A Detroit man sentenced to life without parole for a 1977 murder is entitled to a new sentence.
But efforts just to start that process have stalled again because of missing court files.
Charles Lewis was only 17 when he was convicted in the robbery-murder of an off-duty Detroit police officer.
The U.S. Supreme Court has ruled in two recent cases that sentencing juveniles to life without parole is unconstitutional, except in the “rarest” cases.
Lewis is one of more than 300 Michigan “juvenile lifers” now awaiting re-sentencing, which should mean at least a shot at parole.
But many Michigan prosecutors have shunned the Supreme Court directive, recommending that a vast majority of juvenile lifers be re-sentenced to life without parole.
And in Lewis’s case, the process can’t even get started. That’s because decades worth of court files, including his official trial and sentencing transcripts, seem to have gone missing.
In Wayne County Circuit Court Tuesday, Judge Qiana Lillard said that despite her prior order, no one from the court administrator’s office has gone to look for the missing files.

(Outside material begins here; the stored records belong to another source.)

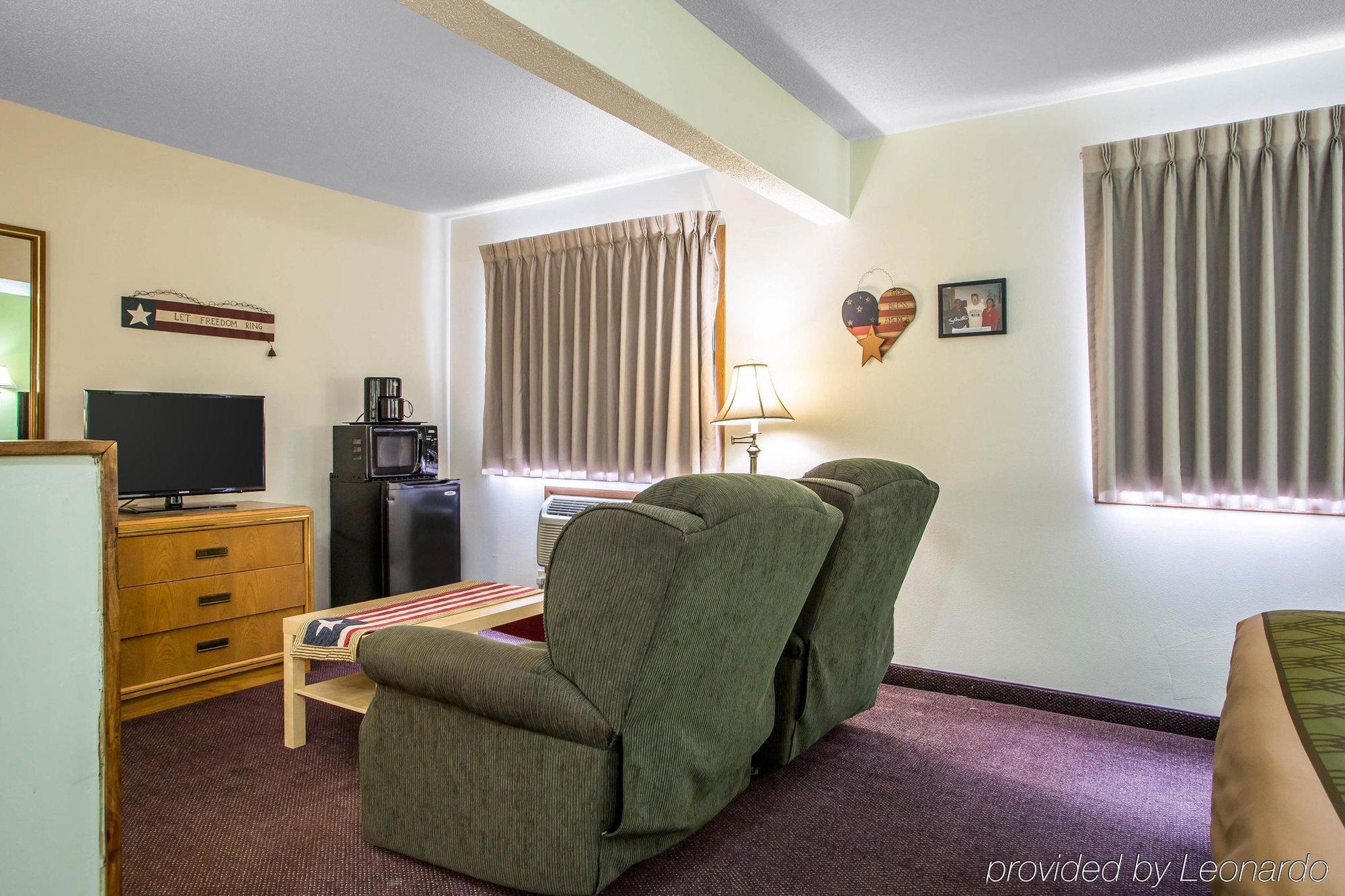 Econo Lodge Inn & Suites Dubuque Dış mekan fotoğraf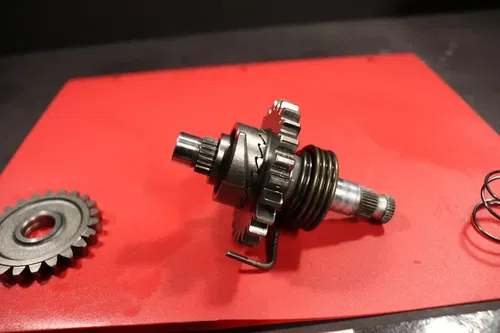 2006 Honda Cr85RB Kick Start Shaft Idler Gear
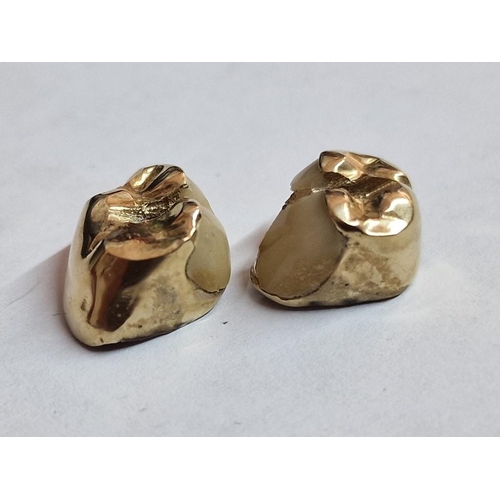 761 - 2 x 9ct Gold Dental Scrap, (Approx. 4.9g), (2)

Nb. No Hallmarked, but tested with XRF Metal Analyse... 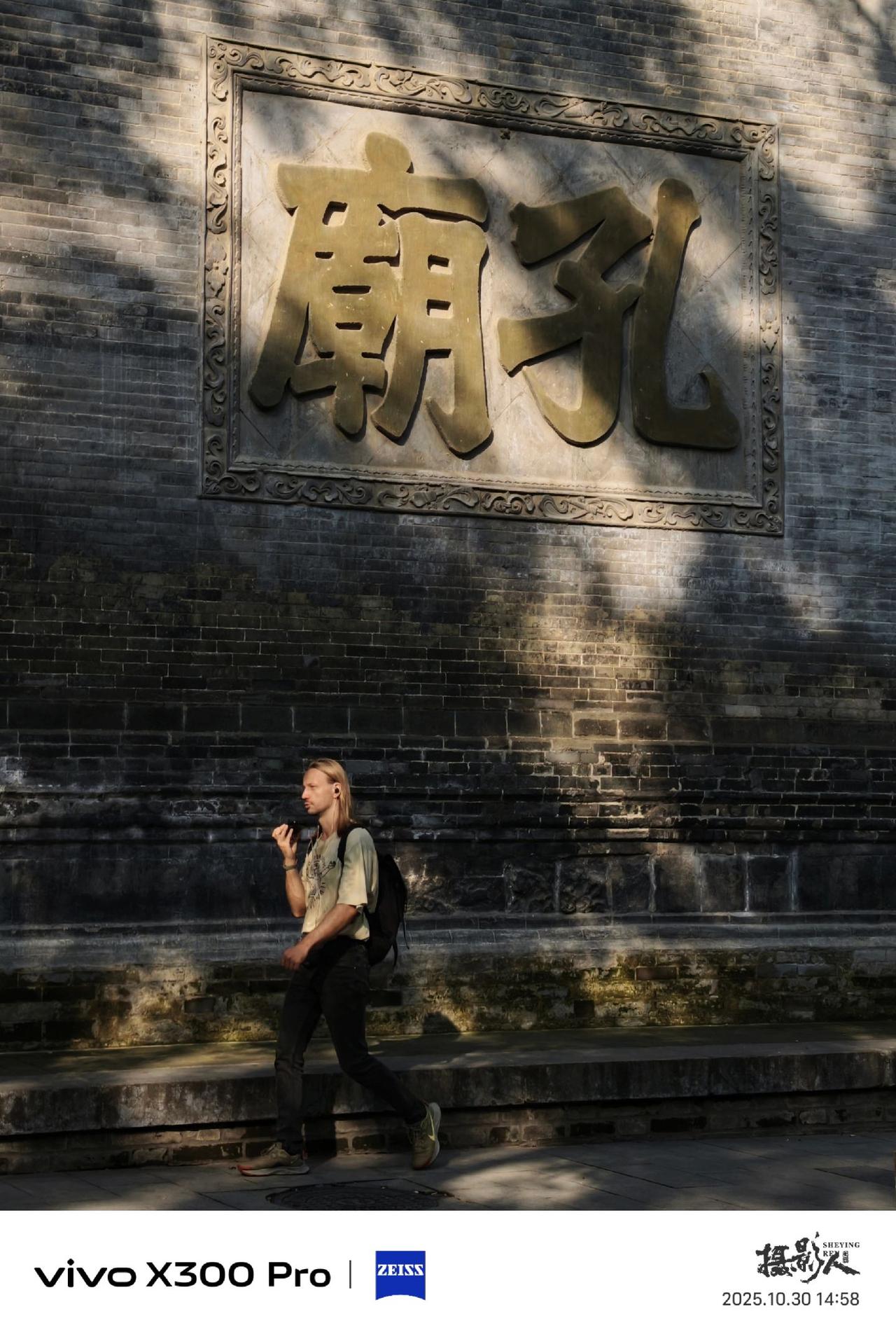 很长一段时间连续的阴雨天，使阳光显得更加难得。趁着好天气，用手机记录下西安城墙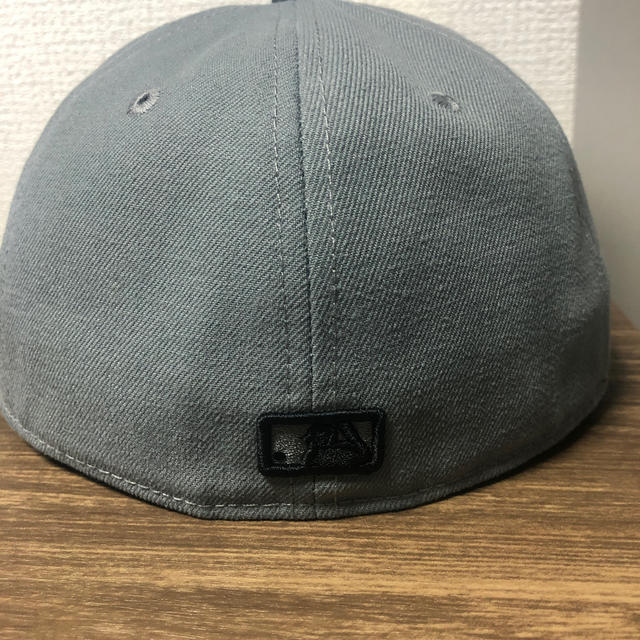 NEW ERA(ニューエラー)のnew era 59FIFTY グレー×ブラック ヤンキース メンズの帽子(キャップ)の商品写真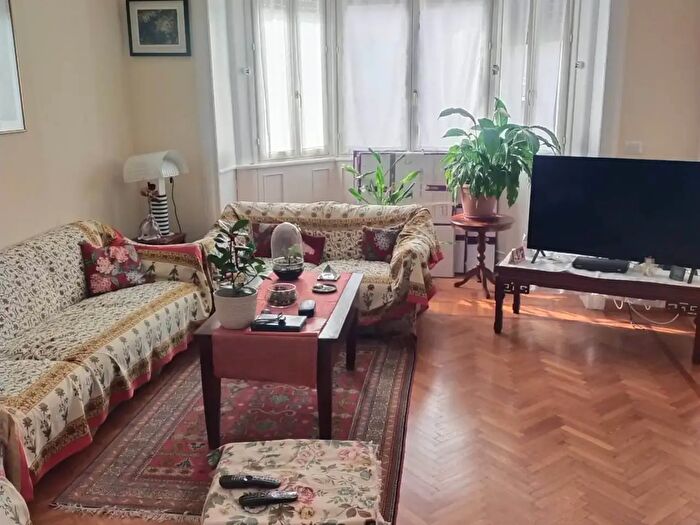 Appartamento quadrilocale in vendita in Viale Regina Giovanna, Milano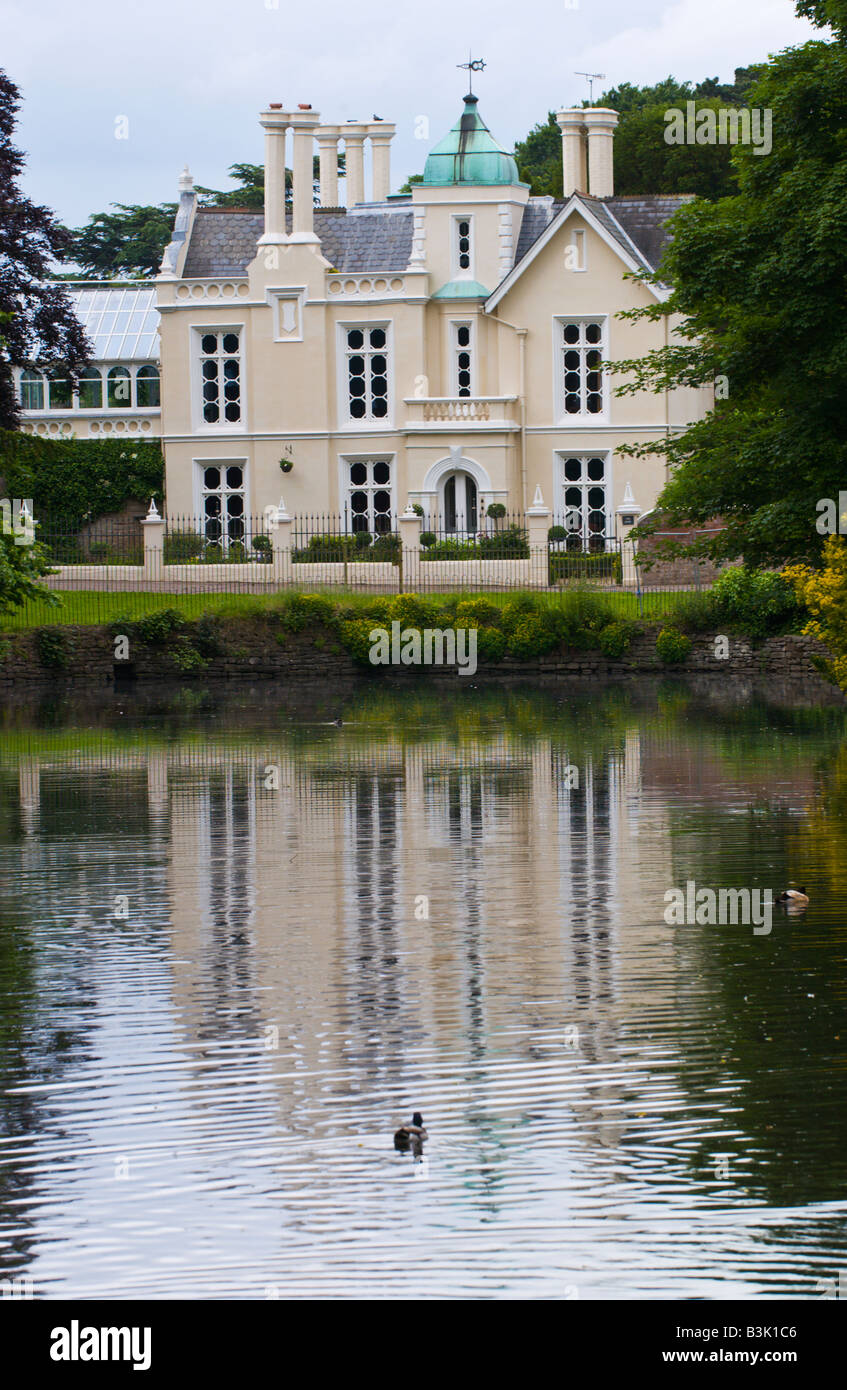 Späten georgianischen Gebäude, entworfen vom Architekten Robert Smirke stehend auf ein Originalteil von Burg Burggraben Hereford Herefordshire Stockfoto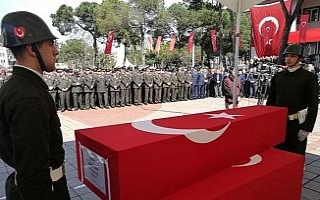 Afrin şehidi gözyaşlarıyla son yolculuğuna uğurlandı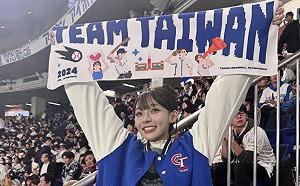 林襄赴東京加油12強「遭尾隨」躲進飯店   網嘆：女神難為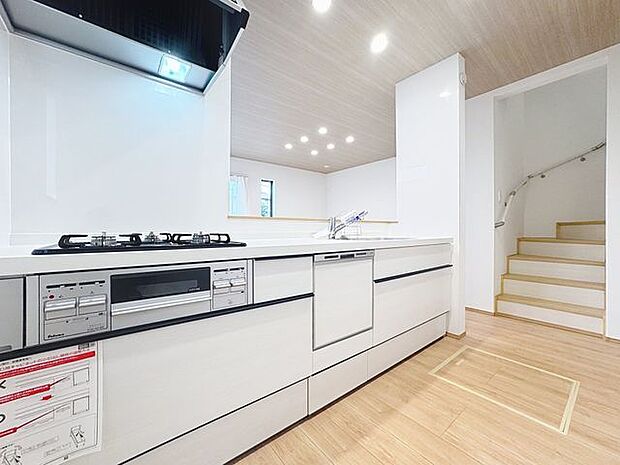 「壁付けキッチン仕様」リビングのスペースを広く取れる壁付けキッチン。家事の動線を考え、動きやすく、使いやすい空間造りができます。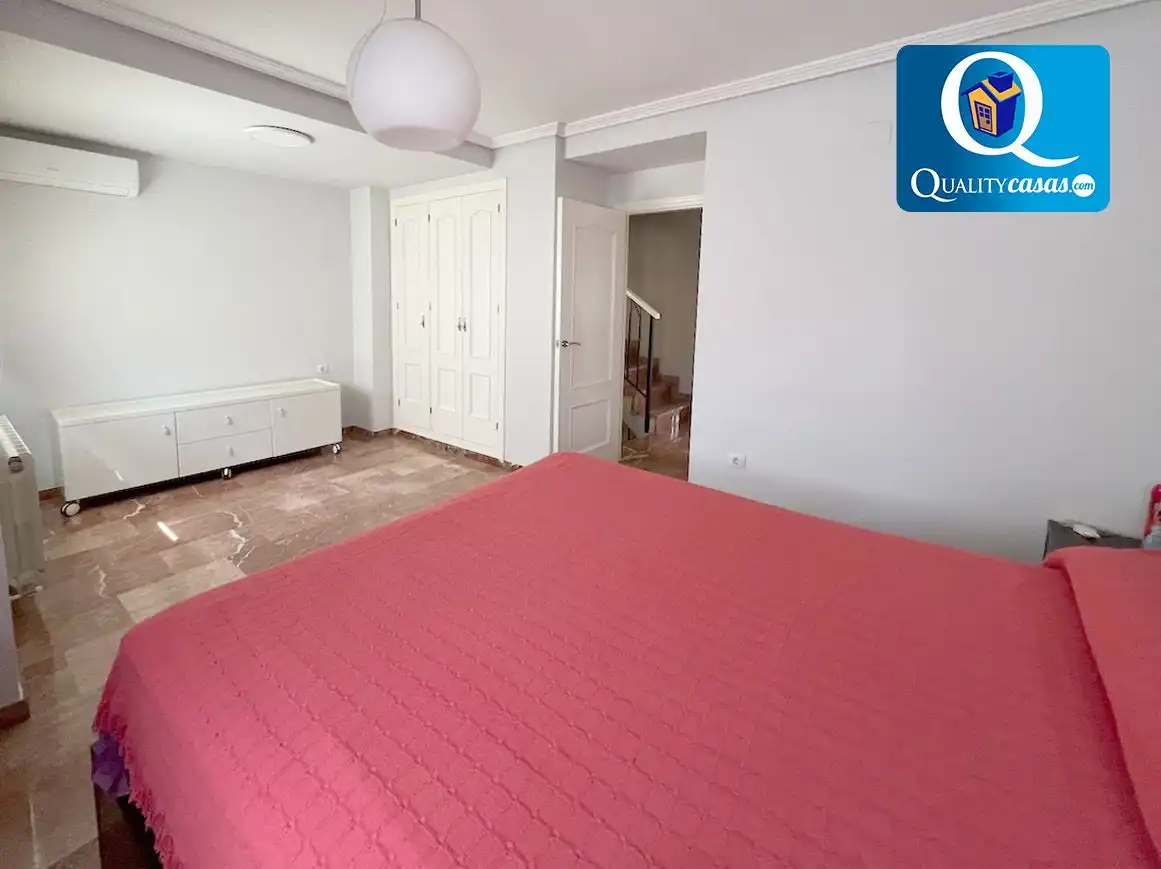 Dormitori de Casa o xalet en venda en Alicante / Alacant amb Aire condicionat, Calefacció i Terrassa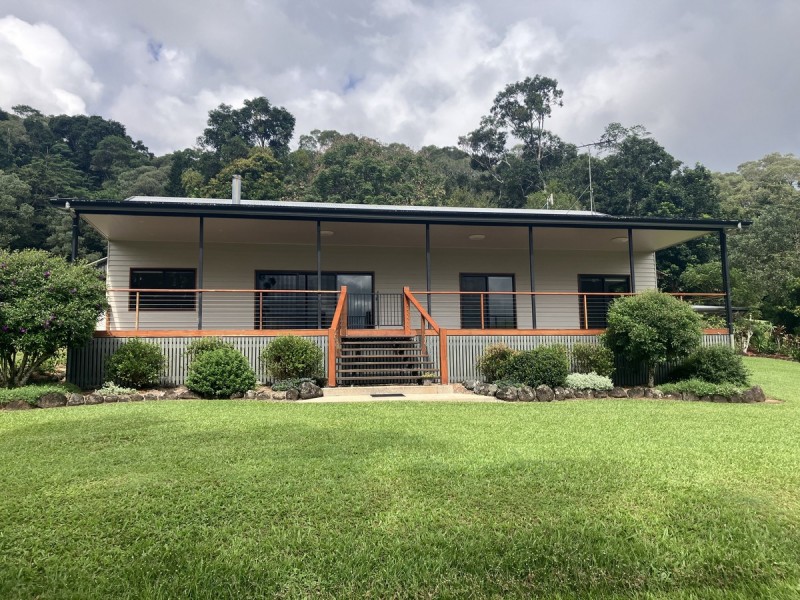82 McKenzie Road, Peeramon QLD 4885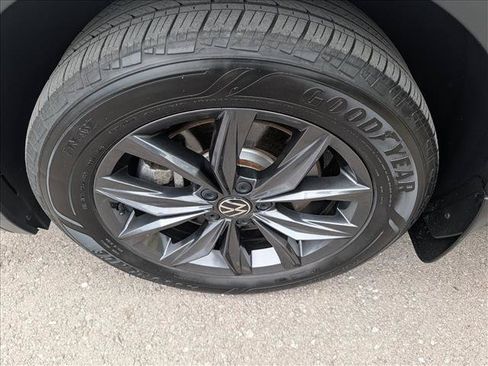 Certified 2023 Volkswagen Tiguan SE w/ Panoramic Sunroof Package FWD image 9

The court needs “someone who can testify under oath about going to find the file, and not being able to find it” before it can proceed, Lillard said.
Lewis’s attorney, Valerie Newman of the State Appellate Defender’s Office, said that if the file can’t be located, she will ask that Lewis be re-sentenced to a 40-60 year term. He's already served more than 40 years.
Even if missing files weren't an issue, Newman doesn’t think Lewis meets the bar of “irredeemable corruption." That's the standard the Supreme Court said could constitute a “rare case” where a juvenile offender can be kept behind bars for life.
“Bottom line, he deserves his day in court, and he deserves his due process,” Newman said. “[And] to have that file available so that his attorney, who’s me, can review everything about how we can proceed. How can I possibly effectively represent my client when I don’t have all the information?”
The Wayne County prosecutor’s office doesn't agree. An assistant prosecutor affirmed in court Tuesday that it’s seeking to have Lewis’s life-without-parole sentence re-imposed.
Lewis has filed his own motions from prison, asking that the case be dismissed altogether. Given the apparent loss of case files, and the fact that the Michigan Supreme Court vacated his conviction, Lewis argues his “current detention is unlawful because the defendant is being held in prison with no sentence, no files or records.”
Lewis has also maintained his innocence, as does his family, who argues he should be released immediately and his conviction overturned.
“I would hope they would do what is legitimate and right, and let him go,” said his mother Wendy Lewis. “If you have nothing to hold him for, and you can’t substantiate what you say you had, then you have no charge.”
Judge Lillard adjourned Lewis’s case until October 28th, giving the court one last shot to find the files before presumably declaring them missing and moving ahead with re-sentencing.
His family thinks this is compounding injustice. “The Supreme Court has ruled this is cruel and unusual punishment," said Lewis's sister Wendy Lewis. "It’s still punishment. How much punishment does he have to endure?”